Moñino Dominguez L1, Carrión Madroñal I1, Marcos Rodríguez JA2, Valera-Rubio M3
1Hospital Virgen Macarena, Seville, SE, Spain, 2Hospital Universitario Virgen Macarena, Seville, Seville, Spain, 3Hospital Universitario Virgen Macarena, Sevilla, Spain

Presentation Documents

OBJECTIVES: To analyse effectiveness and safety of isatuximab in patients with Multiple Myeloma(MM).
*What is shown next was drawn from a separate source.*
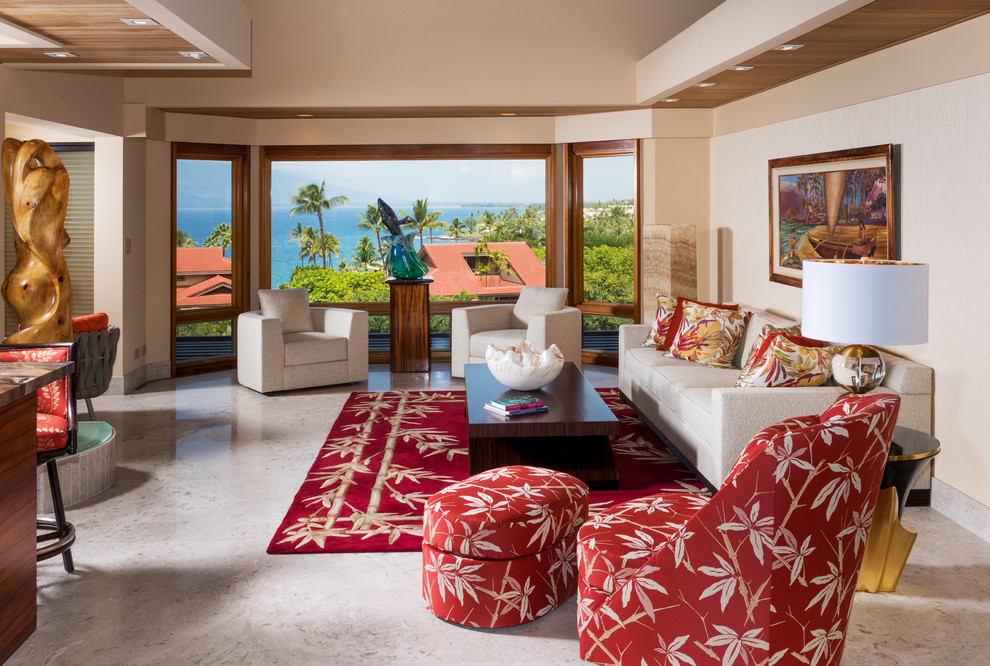 Design ideas for a world-inspired living room in Hawaii.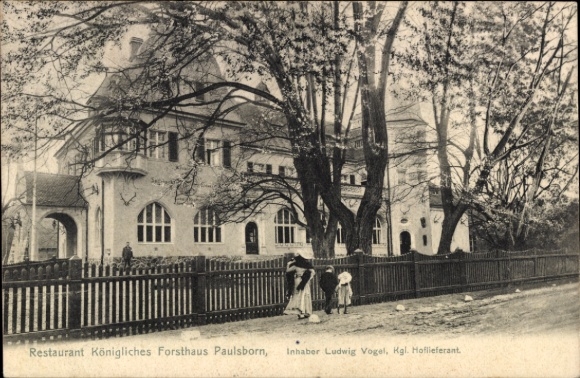 KP Berlin Zehlendorf Dahlem, Paulsborn, restauracja Królewski Dom Leśnika, widok z zewnątrz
METHODS: Retrospective observational study was conducted. We included patients treated with isatuximab in combination with carfilzomib-dexamethasone or pomalidomide-dexamethasone from June/2022-March/2023. Variables collected: sex, age, type of MM, staging according to the International Staging System(R-ISS), high-risk cytogenetic alterations(HRCA), disease follow-up time, receipt of autologous Hematopoietic Cell Transplantation(AHCT), drug in combination with isatuximab, duration and number of cycles, previous chemotherapy regimens, overall response rate(ORR) and progression-free survival(PFS) calculated by Kaplan-Meier method, and adverse events(AEs) reported.

RESULTS: Seven patients were analyzed(71.4% women); median age of 62 years(Interquartile range (IQR):55-70). The type of MM was: 57.1% IgG-kappa, 14.3% IgG-lambda, 14.3% IgA-kappa and 14.3% light-chain-lambda. 42.9% had R-ISS:3 and 28.6% R-ISS:2(28.5% no data recorded). 57.1% presented HRCAs(1q gain:57.1%, IgH-FGFR3-t(4;14) rearrangement:42.9% and p53 (17p13):14.3%). At the start of treatment, patients had been diagnosed for a median of 22 months(IQR:14-33) and 14.3% had received AHCT.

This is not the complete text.